■ TASK ITEM:
Reproduce exactly, and only, the lines of the material below running from the line bearing "Used 2019 Jeep Cherokee Limited image 37" through the line bearing "When it rains…". Leave any pictures out.

■ EXERCISE DATA:
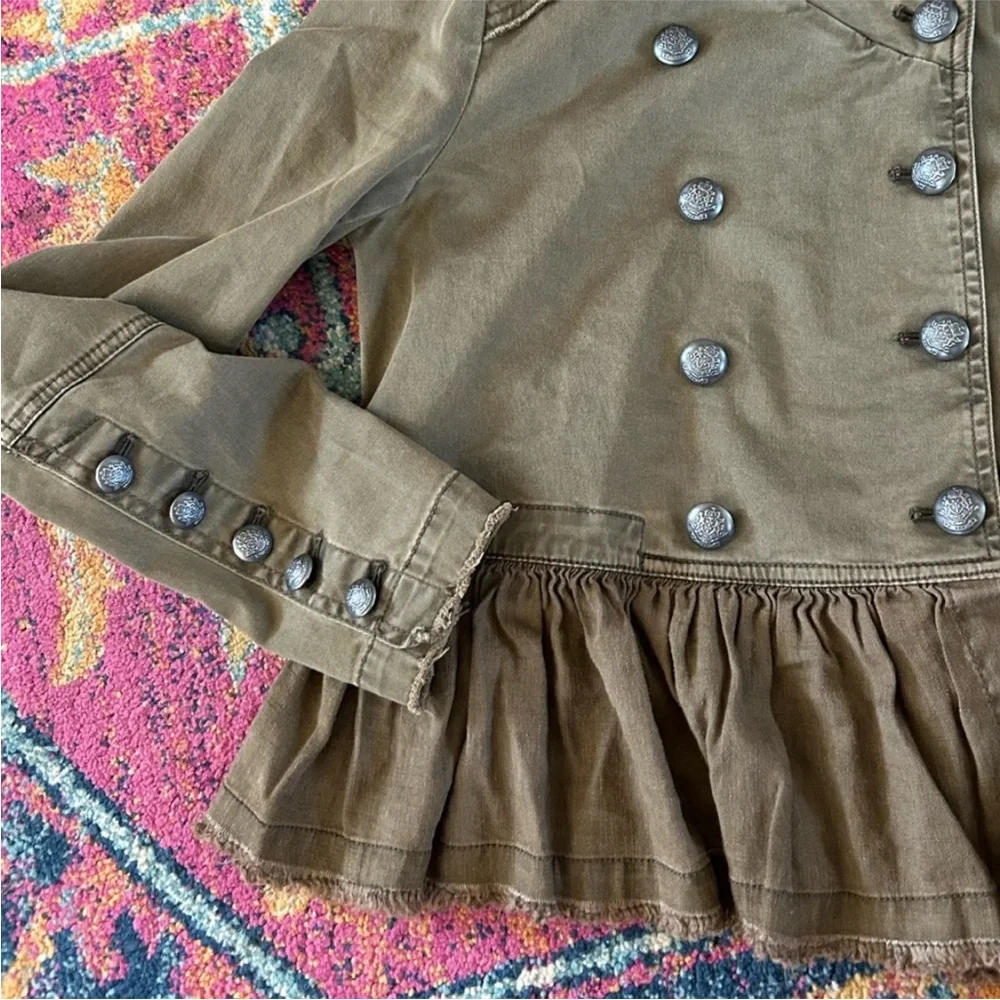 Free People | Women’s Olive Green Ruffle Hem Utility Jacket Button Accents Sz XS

* * *

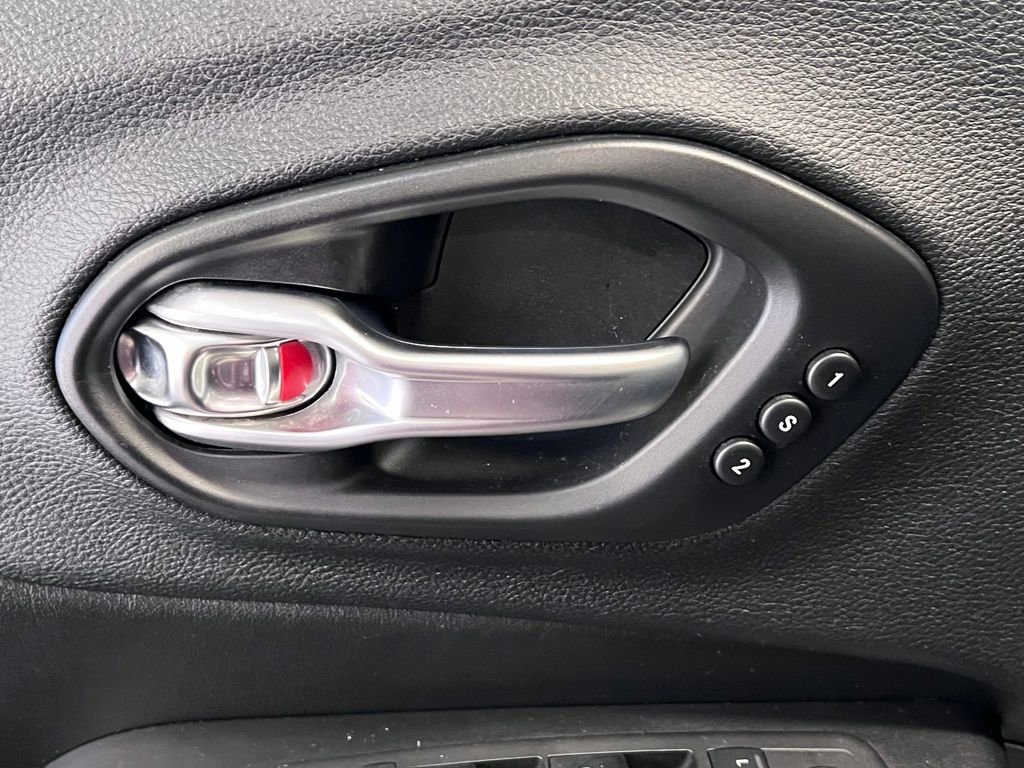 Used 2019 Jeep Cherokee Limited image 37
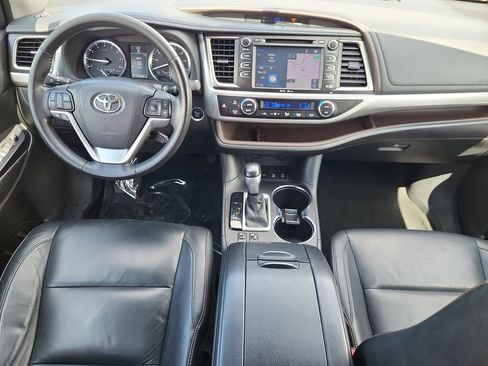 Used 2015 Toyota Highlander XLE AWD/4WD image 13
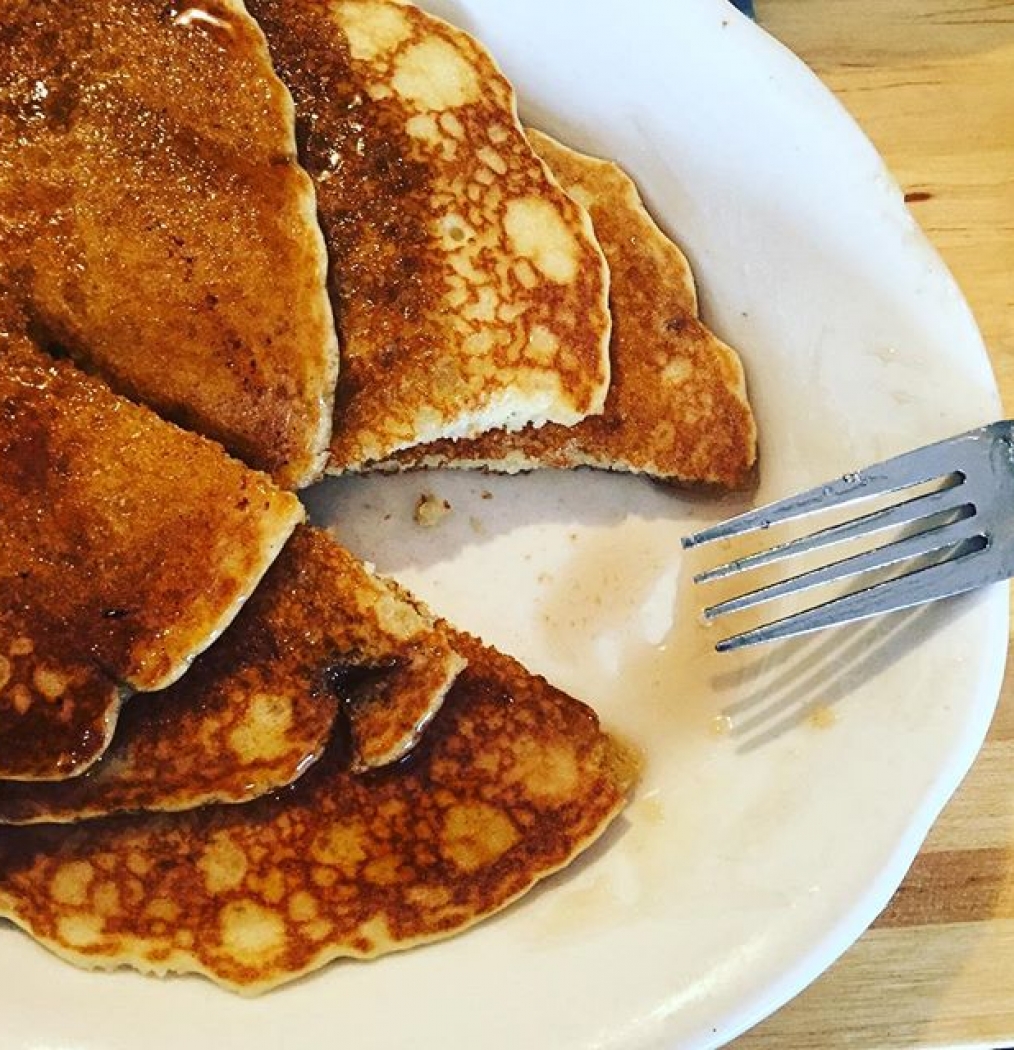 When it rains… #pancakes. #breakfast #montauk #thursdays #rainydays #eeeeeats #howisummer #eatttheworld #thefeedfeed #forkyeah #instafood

■ RESULT OF THIS EXERCISE:
 Used 2019 Jeep Cherokee Limited image 37
 Used 2015 Toyota Highlander XLE AWD/4WD image 13
 When it rains… #pancakes. #breakfast #montauk #thursdays #rainydays #eeeeeats #howisummer #eatttheworld #thefeedfeed #forkyeah #instafood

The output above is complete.